Suppose I have an equation (this is a "legendre transform"):
$$f(x)=yx-g(x)\Huge {|}\large _{y=\frac {\partial g}{\partial x}}$$
Then intuitively, I can interpret the "such that" bar as a meta-operation: The formula on the right should replaced with the one where the $y$ is substituted with $\frac {\partial g}{\partial x}$.
But suppose instead that we have $f$ as a function of $y$:
$$f(y)=yx-g(x)\Huge {|}\large _{y=\frac {\partial g}{\partial x}}$$
Then it is unclear to me what this means formally, since if we just replace $y$ with $\frac {\partial g}{\partial x}$, $f(y)$ is not given as a function of $y$. Intuitively, I can think of the right hand side as: "the formula that you get when you substitute away $x$ from $yx-g(x)$ given the assumption that $y=\frac {\partial g}{\partial x}$". But it is unclear to me how this is interpreted formally/rigorously. (I am aware that such a formula doesn't always exist).

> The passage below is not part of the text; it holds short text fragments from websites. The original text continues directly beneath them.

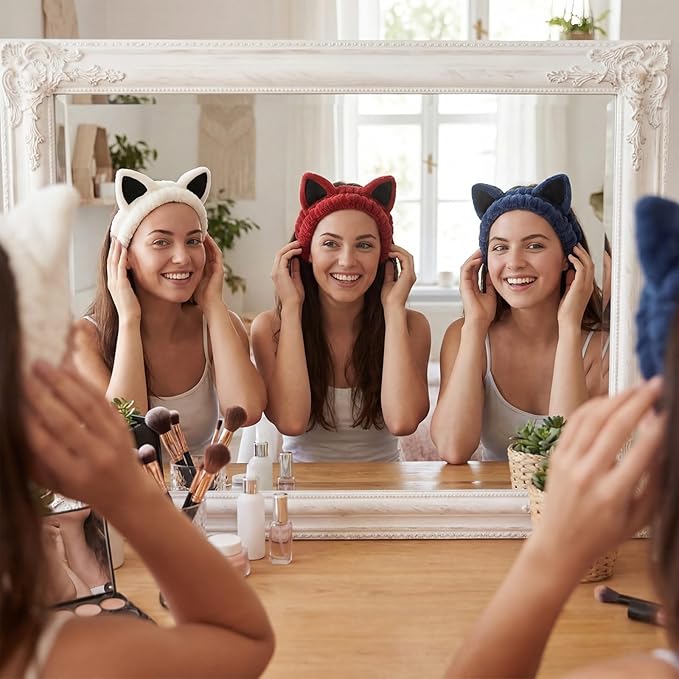 6-Pack Cat Ears Headbands Soft Coral Fleece Hair Band for Face Washing, Makeup, Skincare, Spa, Multi-Color Animal Headbands for Women and Girls Gift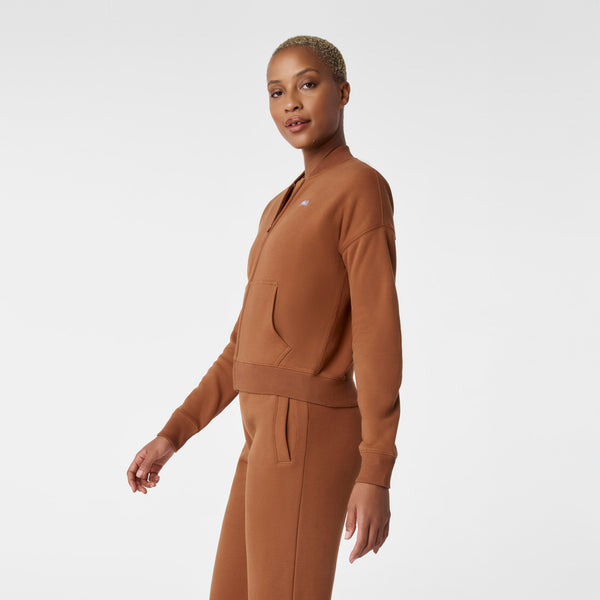 women's Mocha Off-Shift Bomber Sweatshirt™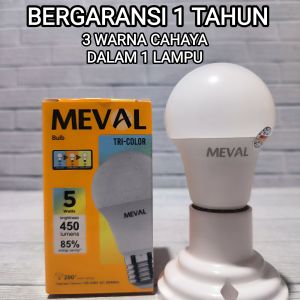 MEVAL LAMPU LED BULB TRI-COLOR 5W 5 WATT TRICOLOUR SNI GARANSI 1 TAHUN
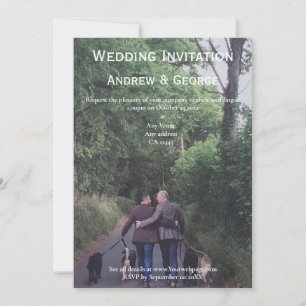 Minimalist Photo Gay LGBTQ Wedding Invitation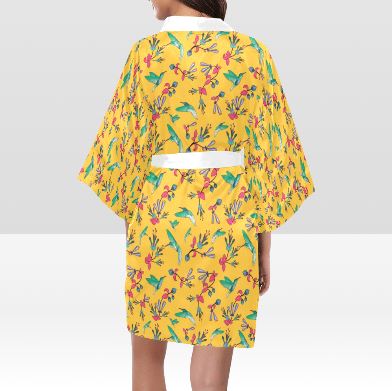 Swift Pastel Yellow White Kimono Robe Artsadd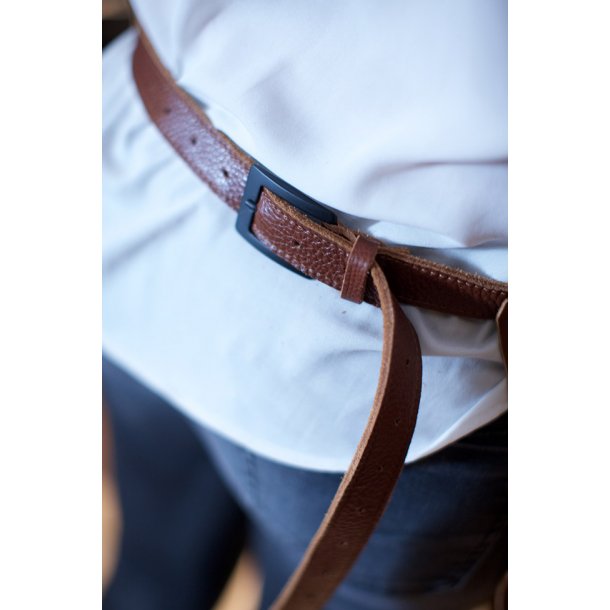 Forklde i skind/lder med lomme  - Hndlavet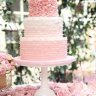 Розовый свадебный торт №129946
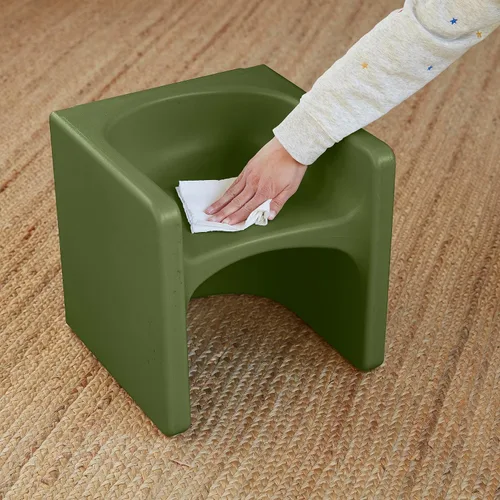 Miniatura 9 de ECR4Kids juego de mesa Tri-Me y silla Cube, muebles multiusos, verde Hunter, 3 piezas Verde cazador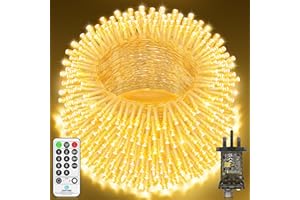 JXLEDAYY 403 FT 1000 LED Outdoor Christmas Lights Fairy Lights Plug in Extra Long Warm White Xmas String Lights Waterproof with Remote Timer 8 Modes for Outside Garden House Party Wedding Yard Tree Decorations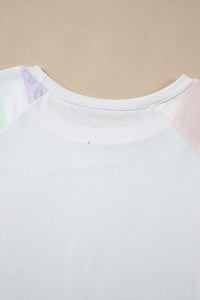 White Rainbow Striped Tee + Shorts Set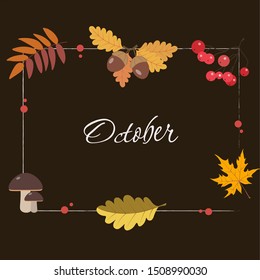 
Rectangular frame of autumn leaves. Autumn leaves and berries on a dark background. Greeting card, invitation, banner.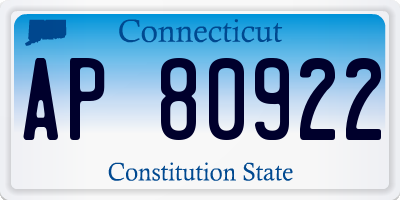 CT license plate AP80922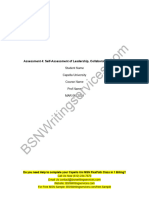 NHS FPX 5004 Assessment 4 Self-Assessment of Leadership, Collaboration, and Ethics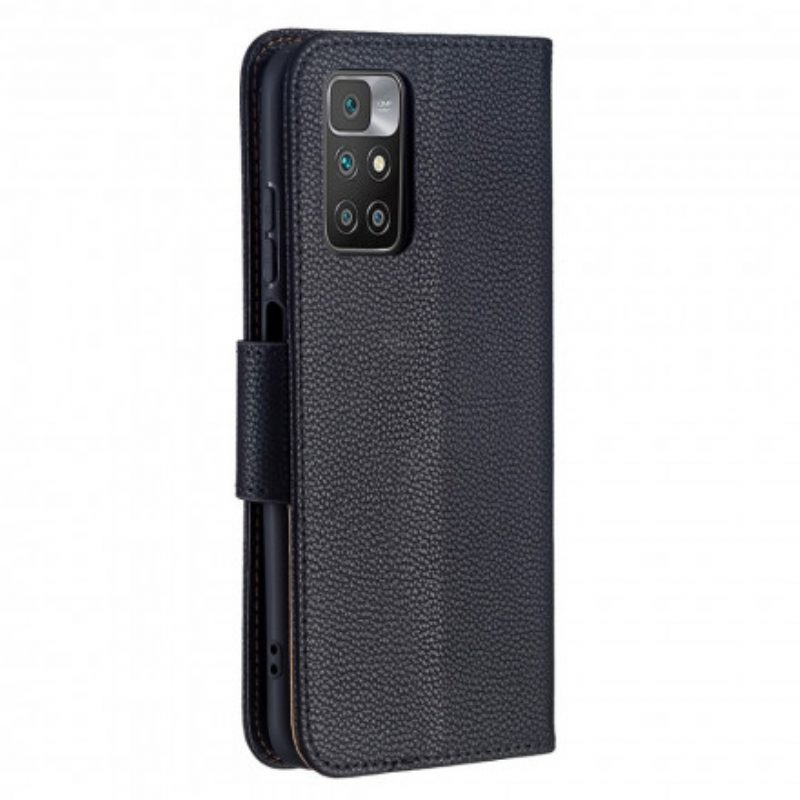 Lederhüllen Für Xiaomi Redmi 10 Flip Case Lychee Rabat Oblique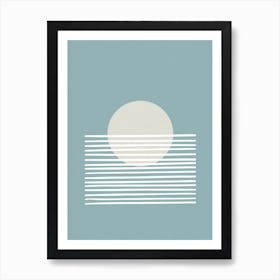 Sunset Abstract Blue Art Print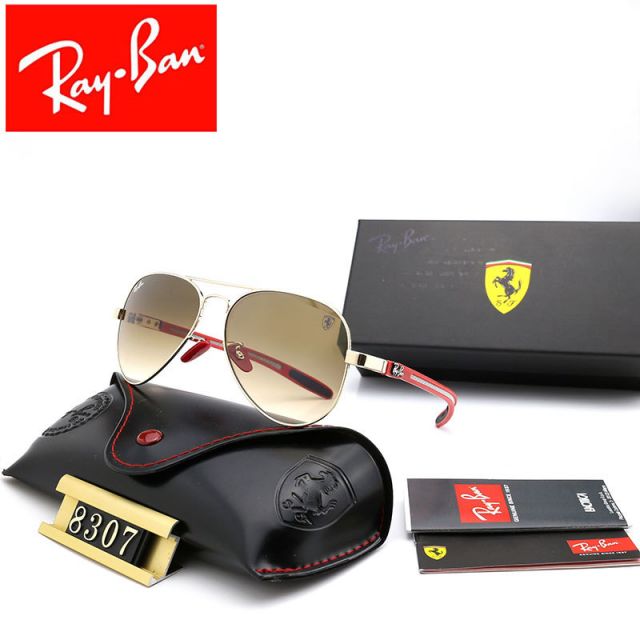 Ray Ban RB8307 Sunglasses Brown/Gold with Red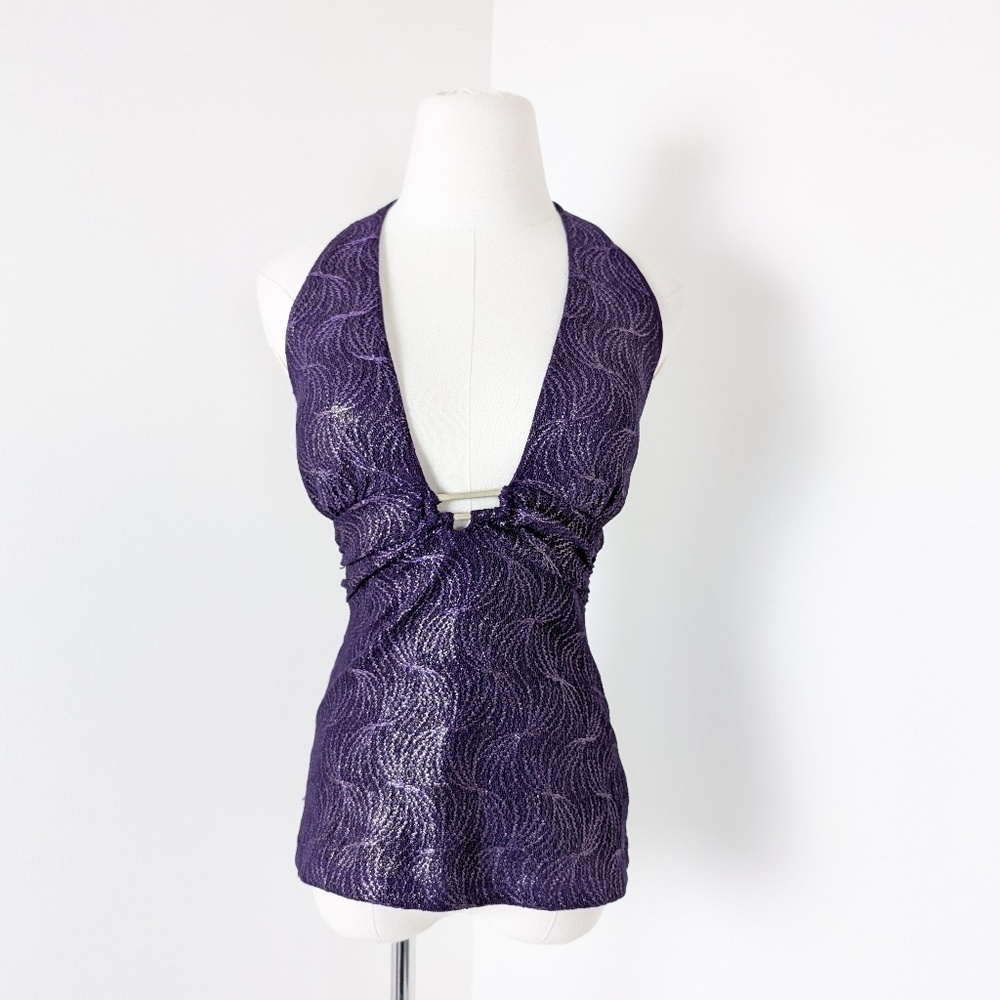 90's Le Chataeu Halter Top Sleeveless Metallic Plunge Neckline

Context: The Legendre transform is used in the context of physics, see e.g. this answer.
In convex analysis, the Legendre transform of a convex function $g$ is the function $f$ defined by $$ \tag{1} f(z) = \sup_x \, \langle z, x \rangle - g(x). $$ (Technically, we should also assume that $g$ is lower semicontinuous in order to guarantee that $f$ is well-defined.)
If $g: \mathbb R^n \to \mathbb R$ is differentiable, we can evaluate the expression on the right by setting the gradient with respect to $x$ equal to $0$, which yields $$ \tag{2} z = \nabla g(x). $$ Assuming that $x$ has been chosen so that $(2)$ is satisfied, we have $$ f(\nabla g(x)) = \langle \nabla g(x), x \rangle - g(x). $$ However, it seems to me that (1) is a much more clear definition of $f$.